大当りと判定された場合には、主制御装置14により、大当たりになる変動表示ゲーム終了後に大当たり遊技状態が発生する。
【0097】
当否判定処理の次に、停止図柄抽選処理が行われる。図柄乱数は、第1および第2特図表示装置4a,4bに停止表示される停止図柄(特図)の種類を決定するものであるが、変動表示ゲームがはずれの場合には、はずれに対応した例えば一種類の特図が決定される。大当りの場合には、各大当りの種類にそれぞれ対応して複数種類ずつの特図が設定され、これら特図から1つの特図が抽選で選択される。
【0098】
なお、この実施形態では、大当たりの種類としては、例えば、大当たり遊技状態となった際にアタッカ6を15回だけ開閉動作させる15ラウンド大当たりと、アタッカ6を5回だけ開閉動作させる5ラウンド大当たりとがある。また、このパチンコ遊技機は、所謂ST機として、全ての大当たりにおいて、大当たり遊技状態後が確変遊技状態になり、かつ、確変遊技状態の期間が変動表示ゲームの実行回数で制限されており、例えば、大当たり遊技状態終了後に、変動表示ゲームが8回行われる間だけ確変遊技状態とされるようになっている。
【0099】
また、確変遊技状態中は、電サポ状態となるが、確変遊技状態が終了しても時短遊技状態として電サポ状態が続行する。
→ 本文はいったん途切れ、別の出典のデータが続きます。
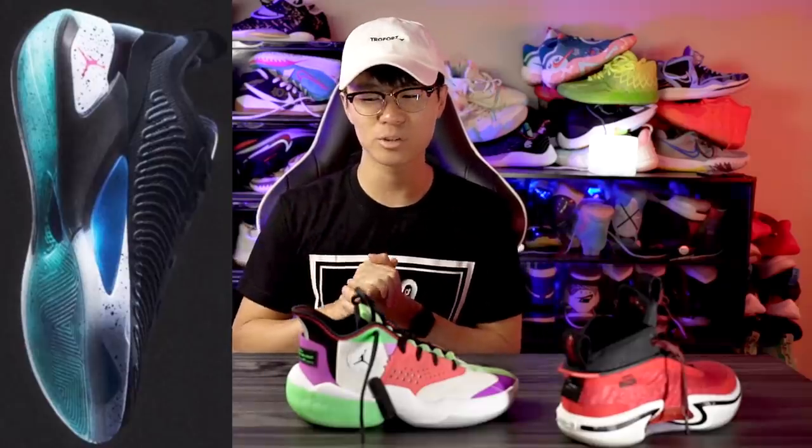Let's get into the Luka 1. We don't have a super clear picture, but the Dallas Mavs actually put it on their Instagram Reels, which is pretty interesting. They probably coordinated something with Jordan Brand — obviously they wouldn't be allowed to do this if Jordan Brand didn't okay it. The traction looks pretty interesting.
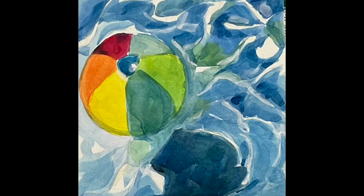Get out your paints and paper. We're going to paint a beach ball, and you can do it too. We're going to do it real fast, so let's get started.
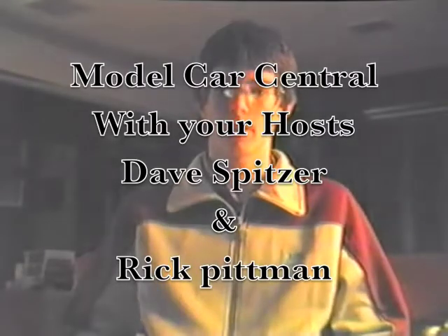Welcome to Model Car Central. Today's special section, we're going to be discussing 49 and 50 Mercs. We're going to be discussing chopping and the stock portion of the 50 Mercs.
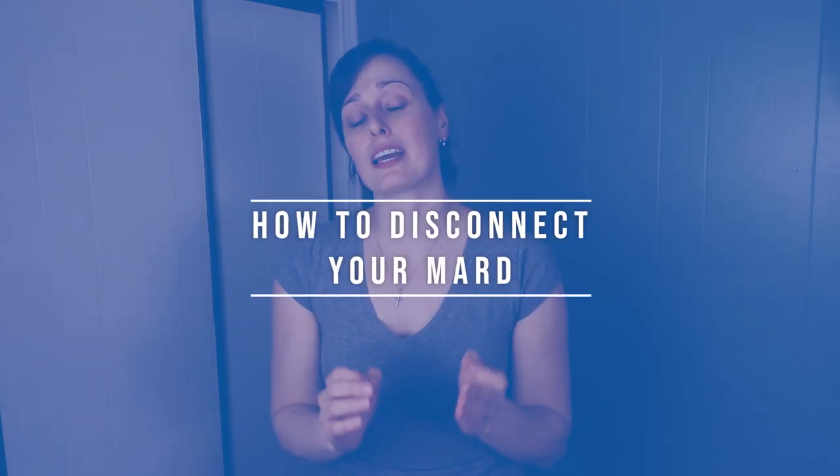Since a MARD system starts with an RSL, keep in mind that you can actually disconnect your MARD system by disconnecting your RSL. It's surprising that many jumpers are not aware that by disconnecting their RSL, they are in fact disconnecting their MARD system. So if you're disconnecting your RSL, you're disconnecting your MARD, and it won't help you get a faster reserve deployment.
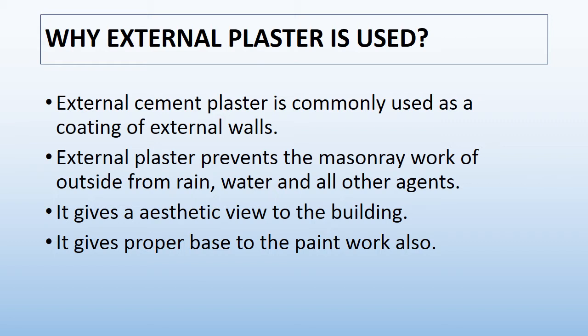External cement plaster is commonly used as a coating of external walls. External plaster prevents the masonry work of outside from rain, water, and all other agents. External cement plaster gives an aesthetic view to the building and gives a proper base to the paint work also. Due to these points, external plaster is necessary.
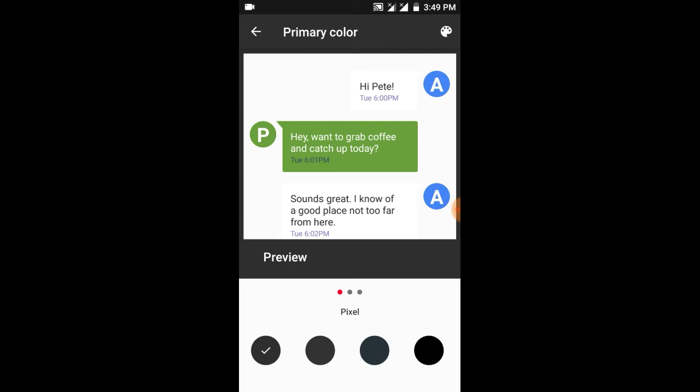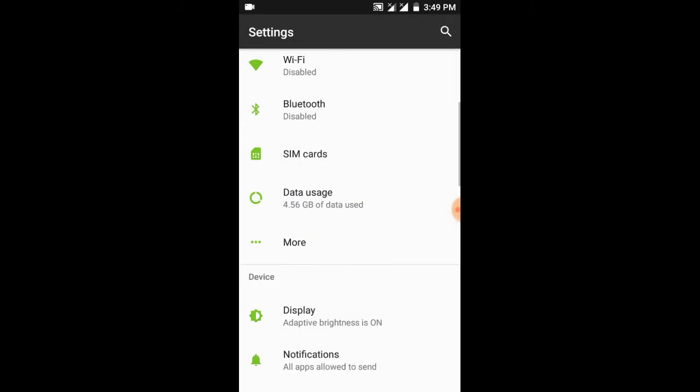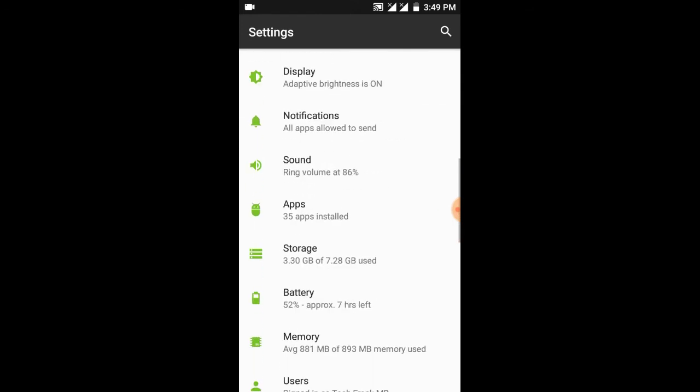You can also change the color of the icons — I'm choosing the light green one. Going back, you can see green and white icons. It's amazing that you can change each and everything in the settings appearance, though it doesn't affect anything else outside of settings.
ここで、上述の15ラウンド大当たりと、5ラウンド大当たりには、電サポ状態が変動表示ゲームの実行回数が所定数になった場合または大当たり遊技状態になった場合に終了する大当たり(回数切り大当たり)と、電サポ状態が大当たり遊技状態になった場合にだけ終了する大当たり(続行大当たり)との2種類が設定されている。すなわち、大当たりの種類は、時短遊技状態(電サポ状態)が所定数の変動表示ゲームの実行で終了する15ラウンド回数切り時短大当たりおよび5ラウンド回数切り時短大当たりと、時短遊技状態が次回大当たり遊技開始まで続行する15ラウンド時短続行大当たりと、5ラウンド時短続行大当たりとがあることになる。
【0100】
さらに、電サポ状態が所定数の変動表示ゲームの実行で終了する大当たりには、電サポ状態(確変遊技状態とその後の時短遊技状態を合わせた状態)が10回の変動表示ゲームの実行で終了する場合と、電サポ状態が100回の変動表示ゲームの実行で終了する場合との2種類の終了条件がある。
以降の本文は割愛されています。